AIM OF THE EXERCISE - From the line containing "Printed & Gold" to the last line of the listing, both included, copy every line exactly and drop the pictures.

DATASET CONTENT -
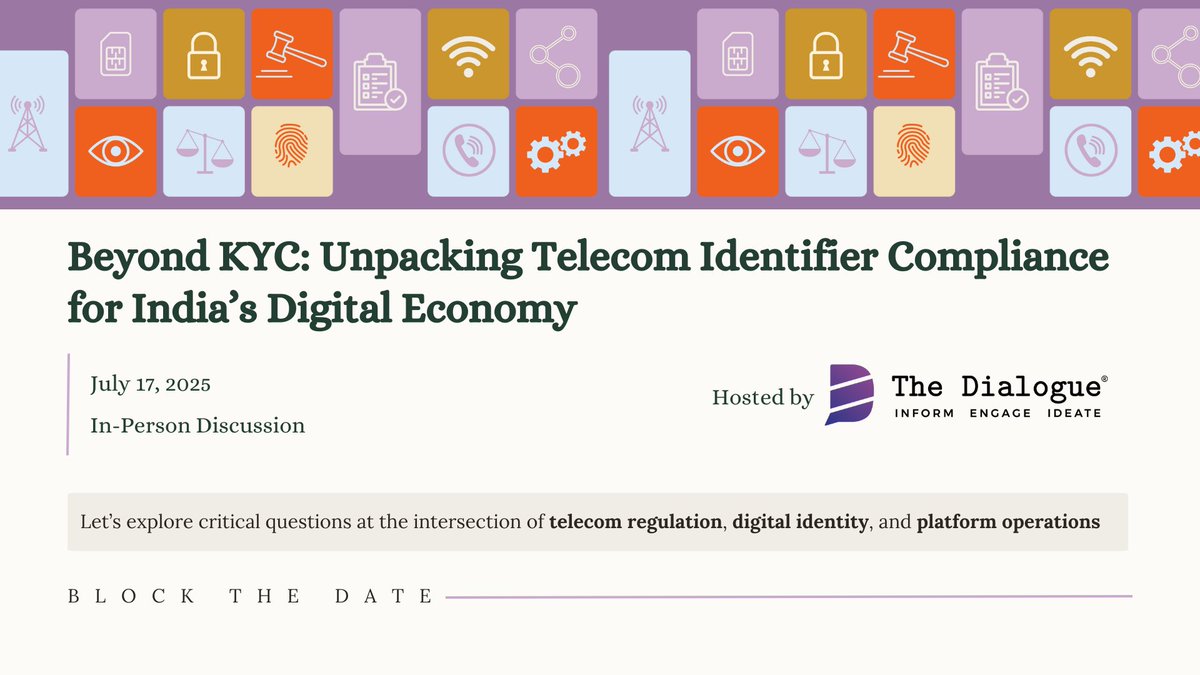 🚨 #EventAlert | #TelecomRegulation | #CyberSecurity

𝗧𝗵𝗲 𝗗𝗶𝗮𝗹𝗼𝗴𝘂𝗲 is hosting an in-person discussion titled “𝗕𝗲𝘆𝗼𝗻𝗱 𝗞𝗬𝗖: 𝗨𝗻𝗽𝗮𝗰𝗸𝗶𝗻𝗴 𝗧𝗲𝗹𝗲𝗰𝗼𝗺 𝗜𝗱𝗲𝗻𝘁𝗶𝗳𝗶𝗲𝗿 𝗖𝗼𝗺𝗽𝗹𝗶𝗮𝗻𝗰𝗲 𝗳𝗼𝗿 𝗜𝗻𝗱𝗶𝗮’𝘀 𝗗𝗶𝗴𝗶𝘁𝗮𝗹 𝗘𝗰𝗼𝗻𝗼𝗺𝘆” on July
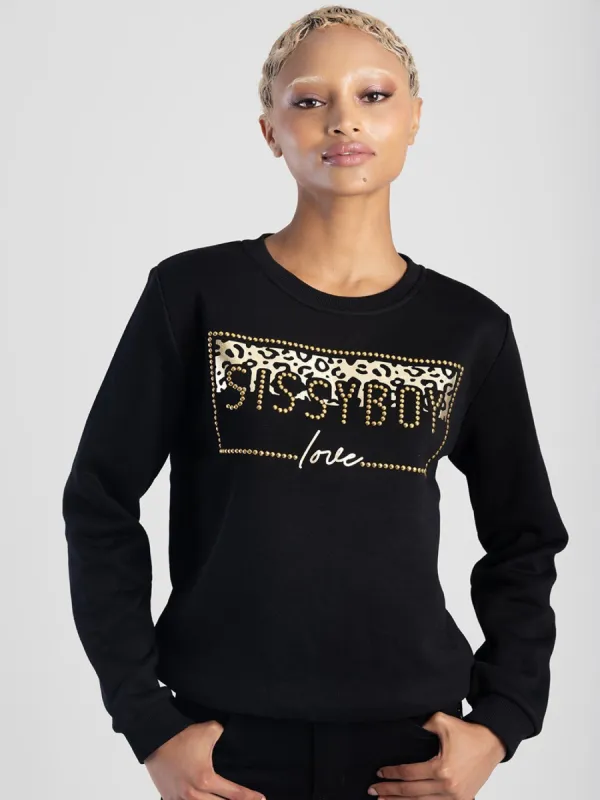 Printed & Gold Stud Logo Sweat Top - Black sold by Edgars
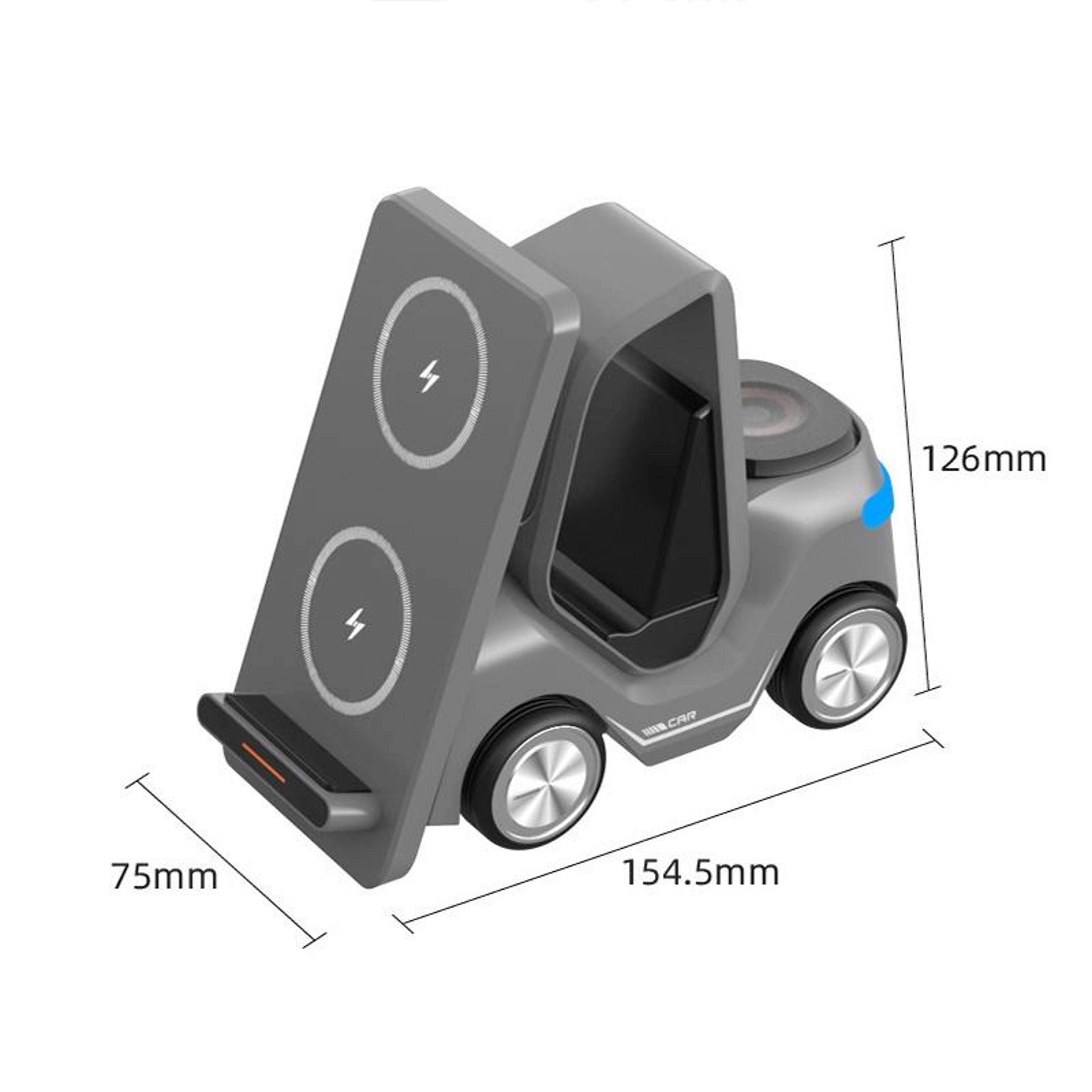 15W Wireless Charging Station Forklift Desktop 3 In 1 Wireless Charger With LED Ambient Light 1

RESULT OF THE EXERCISE -
 Printed & Gold Stud Logo Sweat Top - Black sold by Edgars
 15W Wireless Charging Station Forklift Desktop 3 In 1 Wireless Charger With LED Ambient Light 1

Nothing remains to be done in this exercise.